If you plan on purchasing an extended auto warranty, make sure you conduct due diligence first:

  • Research what is covered and what isn’t.

  • Assure that you can have you can use shop or dealer of your choice.

  • Make sure the parts and service coverage is ample with a minimal or no deductible.

  • Ensure that you don’t have to submit claim forms and pay upfront only to wait for reimbursement from the company.


Things to Ask Yourself Before Buying


You will want to ponder a few important questions before you buy an extended auto warranty.


How long do you plan to keep the vehicle? If the car only comes with a 36,000-mile OEM warranty and you plan on trading it in within the next three years, then it won’t make much sense to buy a warranty you won’t use before the OEM one expires. In this case, the OEM plan would offer ample protection until you trade the car in for a new one that comes with a fresh warranty.


How much protection do you need? If you don’t drive your car much, then an extended warranty may not be viable. If the original manufacturer warranty covers you for, say, 50,000 miles and you only drive 5,000 miles or so a year, you’d not get your money’s worth from the investment.

What does the warranty cover? Most importantly, what does the warranty cover and what is the deductible? Compare high-price repairs, like electrical, radiator, drivetrain and others to the protection that’s being offered and its aggregate repair cost. In some cases, you may find it lucrative to add this valuable protection. In others, you may be just fine with the OEM warranty.

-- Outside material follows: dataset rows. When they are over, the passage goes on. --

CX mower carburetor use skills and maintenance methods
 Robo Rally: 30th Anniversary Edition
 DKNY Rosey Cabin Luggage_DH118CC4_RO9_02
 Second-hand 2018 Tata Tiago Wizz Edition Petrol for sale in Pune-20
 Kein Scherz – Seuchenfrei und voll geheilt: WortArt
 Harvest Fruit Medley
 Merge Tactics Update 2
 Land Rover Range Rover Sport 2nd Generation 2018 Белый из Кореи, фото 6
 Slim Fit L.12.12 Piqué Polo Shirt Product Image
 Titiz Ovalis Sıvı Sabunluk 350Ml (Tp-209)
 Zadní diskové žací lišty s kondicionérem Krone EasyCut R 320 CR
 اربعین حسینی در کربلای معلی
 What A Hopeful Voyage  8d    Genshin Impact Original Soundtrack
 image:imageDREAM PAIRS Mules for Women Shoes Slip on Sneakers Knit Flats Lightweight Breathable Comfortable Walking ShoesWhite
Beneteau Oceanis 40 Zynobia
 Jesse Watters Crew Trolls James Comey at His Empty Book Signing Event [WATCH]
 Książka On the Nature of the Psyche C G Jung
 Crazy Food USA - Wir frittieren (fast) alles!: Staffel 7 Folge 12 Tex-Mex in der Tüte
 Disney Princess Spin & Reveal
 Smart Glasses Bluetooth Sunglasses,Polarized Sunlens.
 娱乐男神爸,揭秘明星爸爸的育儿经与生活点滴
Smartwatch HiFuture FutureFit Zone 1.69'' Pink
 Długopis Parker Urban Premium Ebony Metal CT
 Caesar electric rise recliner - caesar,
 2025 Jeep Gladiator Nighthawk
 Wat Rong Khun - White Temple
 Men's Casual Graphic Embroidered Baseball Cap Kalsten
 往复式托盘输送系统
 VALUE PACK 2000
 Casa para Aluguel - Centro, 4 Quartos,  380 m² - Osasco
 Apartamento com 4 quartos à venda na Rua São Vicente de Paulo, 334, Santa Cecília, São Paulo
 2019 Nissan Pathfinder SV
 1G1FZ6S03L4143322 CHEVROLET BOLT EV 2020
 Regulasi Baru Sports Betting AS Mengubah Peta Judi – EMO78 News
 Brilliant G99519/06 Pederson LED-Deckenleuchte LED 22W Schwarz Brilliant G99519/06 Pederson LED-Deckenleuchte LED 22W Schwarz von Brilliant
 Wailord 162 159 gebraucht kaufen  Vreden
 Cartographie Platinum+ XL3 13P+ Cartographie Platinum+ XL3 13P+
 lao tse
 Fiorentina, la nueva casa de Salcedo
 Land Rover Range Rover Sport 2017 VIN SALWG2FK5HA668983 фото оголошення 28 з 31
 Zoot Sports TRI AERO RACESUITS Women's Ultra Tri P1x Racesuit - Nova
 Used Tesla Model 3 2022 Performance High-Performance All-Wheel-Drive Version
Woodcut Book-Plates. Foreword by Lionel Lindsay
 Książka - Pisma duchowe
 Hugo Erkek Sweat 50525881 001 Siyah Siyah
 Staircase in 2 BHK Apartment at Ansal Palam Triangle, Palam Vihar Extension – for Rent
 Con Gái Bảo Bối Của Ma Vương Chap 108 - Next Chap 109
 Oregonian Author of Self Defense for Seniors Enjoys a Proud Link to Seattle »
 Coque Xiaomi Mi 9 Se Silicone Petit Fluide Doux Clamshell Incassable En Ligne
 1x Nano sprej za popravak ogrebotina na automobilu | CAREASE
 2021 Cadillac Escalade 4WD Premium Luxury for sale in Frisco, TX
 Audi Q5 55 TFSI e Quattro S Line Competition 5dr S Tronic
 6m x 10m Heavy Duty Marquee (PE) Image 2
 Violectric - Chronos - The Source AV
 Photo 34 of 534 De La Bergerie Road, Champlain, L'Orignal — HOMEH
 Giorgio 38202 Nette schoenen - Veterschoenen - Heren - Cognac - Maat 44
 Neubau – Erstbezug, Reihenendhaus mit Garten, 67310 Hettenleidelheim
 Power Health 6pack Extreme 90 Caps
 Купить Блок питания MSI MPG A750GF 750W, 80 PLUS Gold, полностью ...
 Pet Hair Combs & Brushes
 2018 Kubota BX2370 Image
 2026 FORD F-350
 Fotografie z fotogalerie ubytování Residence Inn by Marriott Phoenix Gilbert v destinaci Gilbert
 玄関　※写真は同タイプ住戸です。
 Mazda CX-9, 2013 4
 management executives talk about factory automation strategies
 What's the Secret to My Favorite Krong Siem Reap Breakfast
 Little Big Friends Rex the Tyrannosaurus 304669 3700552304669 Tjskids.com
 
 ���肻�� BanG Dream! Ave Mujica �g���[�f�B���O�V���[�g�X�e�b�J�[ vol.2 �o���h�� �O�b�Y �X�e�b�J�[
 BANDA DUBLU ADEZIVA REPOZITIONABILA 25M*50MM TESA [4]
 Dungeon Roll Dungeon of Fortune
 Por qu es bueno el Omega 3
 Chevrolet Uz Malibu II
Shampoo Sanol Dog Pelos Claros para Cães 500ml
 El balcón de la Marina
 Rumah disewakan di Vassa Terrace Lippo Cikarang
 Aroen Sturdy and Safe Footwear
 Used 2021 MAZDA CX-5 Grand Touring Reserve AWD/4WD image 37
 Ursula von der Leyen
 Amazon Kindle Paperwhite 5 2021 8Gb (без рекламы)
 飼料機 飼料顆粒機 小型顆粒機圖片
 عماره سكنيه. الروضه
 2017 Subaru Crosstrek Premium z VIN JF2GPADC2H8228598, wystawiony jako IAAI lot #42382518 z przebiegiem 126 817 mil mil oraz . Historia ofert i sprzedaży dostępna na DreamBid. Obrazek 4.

Can you cancel or reassign the warranty? Some states allow you to cancel a warranty and get a prorated refund, should you sell your car before it expires. Others do not. Some warranties let you transfer it over to a new owner. Make sure you are aware of your options here, because if you can’t include the warranty when you sell the car, or cancel it if you need to, it’s less attractive than if you could.  


Parting Advice


An extended auto warranty is viable in many situations. But in some cases, it may not make sense. By determining your driving patterns, usage of the vehicle and repair costs against the value added by such a service plan, you can deduce if it makes sense for your situation.


According to theFederal Trade Commission, you don’t have to buy these warranties with a new car, either: “If the dealer tells you that you have to buy a service contract to qualify for financing, contact the lender to find out if this is true.”


However, without one in place, you may find yourself up the creek with a paddle for costly repairs once your OEM warranty expires. In the situation of buying a used car with no OEM warranty, an extended warranty usually makes sense.

By and far, make sure you do your research beforehand. This way, you can find the right plan with the right coverage, and most importantly, at the right price... before you sign any contracts.